17 Furono queste più o meno le notizie divulgate a proposito del complotto e della morte. I congiurati esitavano sulla scelta del momento e sul modo di agire, domandandosi se aggredirlo nel bagno o mentre cenava, quando Stefano, che era intendente di Domitilla e si trovava allora accusato di appropriazione indebita, suggerì un piano e offrì il suo aiuto. Per parecchi giorni, allo scopo di stornare i sospetti, si fece vedere con il braccio sinistro avvolto di lana e di fasce, come se fosse ferito, poi, quando venne il momento, fece scivolare una specie di pugnale sotto questo bendaggio; con il pretesto di dovergli denunciare un complotto si introdusse da Domiziano e mentre quello leggeva con stupore il biglietto che gli aveva consegnato, lo trapassò al basso ventre. Ferito, Domiziano tentava di difendersi, ma il corniculario Clodiano, e Massimo, un liberto di Partenio, e Saturo, primo ufficiale di camera, e alcuni gladiatori si precipitarono su di lui e lo uccisero, colpendolo sette volte. Il giovane schiavo che si trovava là come di consueto per vegliare sui Lari della camera imperiale e poté assistere all'assassinio, raccontava inoltre che, fin dalle prime ferite, Domiziano gli ordinò di portargli il pugnale nascosto sotto il suo cuscino e di chiamare i suoi servi ma che egli, al capezzale, trovò soltanto il manico dell'arma e, per il resto, tutte le porte sbarrate; aggiungeva anche che, nel frattempo, Domiziano, buttato a terra Stefano, dopo averlo afferrato, lottò a lungo con lui, tentando sia di portargli via il pugnale, sia di cavargli gli occhi con le sue dita tutte tagliuzzate. Fu ucciso nel quattordicesimo giorno prima delle calende di ottobre, nel suo quarantacinquesimo anno di età e nel quindicesimo del suo principato. Il suo cadavere fu collocato in una bara plebea e trasportato dai becchini, mentre la sua nutrice Fillide gli rese gli ultimi onori nella sua casa di periferia, situata lungo la via Latina; poi ella trasferì segretamente i suoi resti nel tempio della famiglia Flavia e li mescolò con le ceneri di Giulia, la figlia di Tito, che pure aveva allevato.

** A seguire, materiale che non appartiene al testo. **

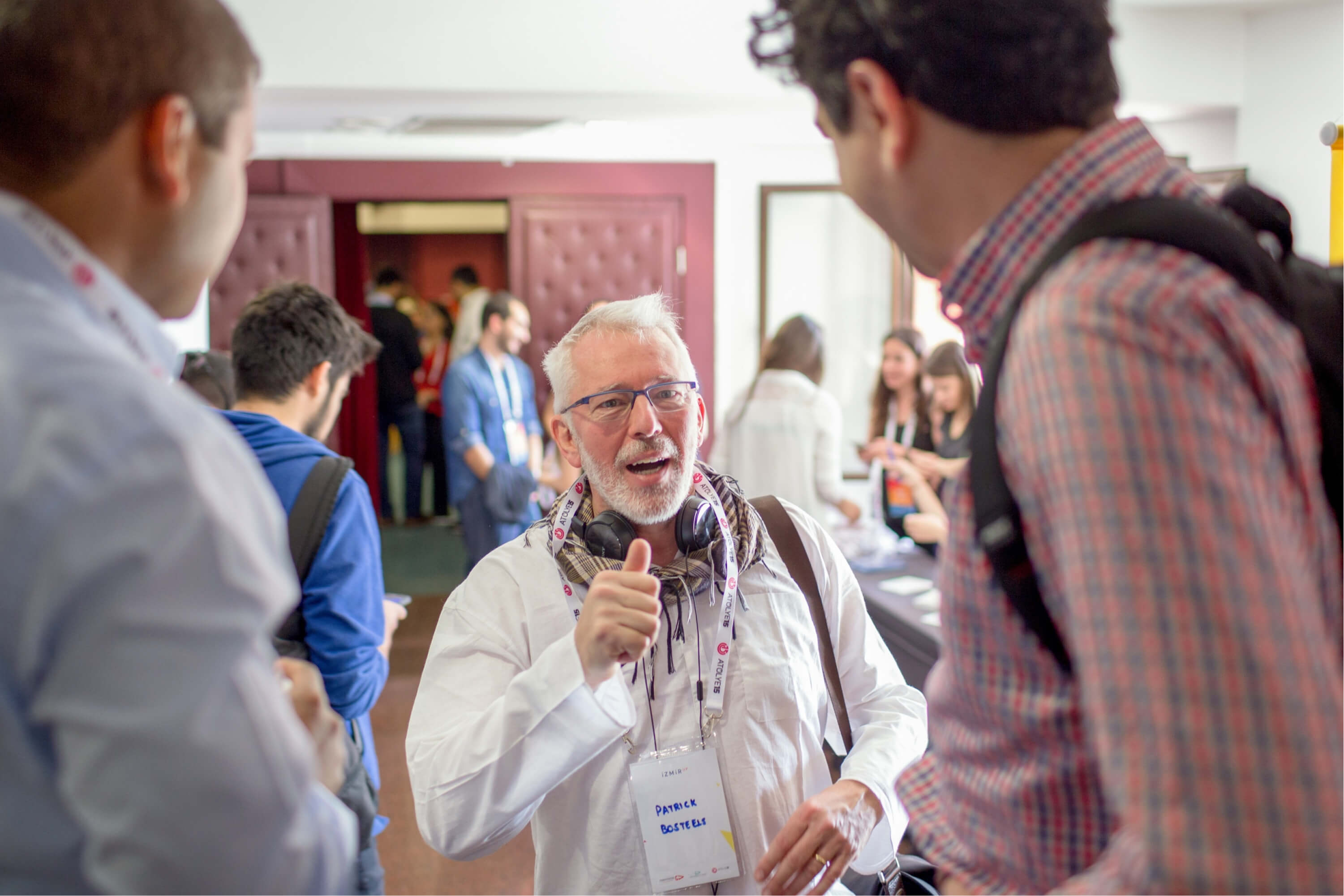 An old man in a white shirt, wearing glasses, headphones, and a name tag that reads “Patrick Bosteels” talking to a man.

XVII. De insidiarum caedisque genere haec fere diuulgata
sunt. Cunctantibus conspiratis, quanto et quo modo, id est lauantemne an cenantem, adgrederentur, Stephanus, Domitilliae procurator, et
tunc interceptarum pecuniarum reus, consilium operamque optulit. Ac sinisteriore brachio, uelut aegro, lanis fasciisque per aliquot
dies ad auertendam suspicionem obuoluto, ad ipsam horam dolorem interiecit; professusque conspirationis indicium et ob hos
admissus, legenti traditum a se libellum et attonito suffodit inguina. Saucium ac repugnantem adorti Clodianus cornicularius et
Maximus Partheni libertus et Satur decurio cubiculariorum et quidam e gladiatorio ludo uulneribus septem
contrucidarunt. Puer, qui arae Larum cubiculi ex consuetudine assistens interfuit
caedi, hoc amplius narrabat, iussum se a Domitiano ad primum statim uulnus pugionem puluino subditum porrigere ac ministros
uocare, neque ad caput quidquam excepto capulo, et praeterea clausa omnia repperisse; atque illum interim arrepto deductoque ad
terram Stephano colluctatum diu, dum modo ferrum extorquere, modo quamquam laniatis digitis oculos effodere
conatur. Occisus est XIIII. Kal. Octob. anno aetatis quadragensimo quinto, imperii quinto decimo. Cadauer eius populari sandapila per
uespillones exportatum Phyllis nutrix in subarbano suo Latina uia funerauit, sed reliquias templo Flauiae gentis clam intulit
cineribusque Iuliae Titi filiae, quam et ipsam educarat, conmiscuit.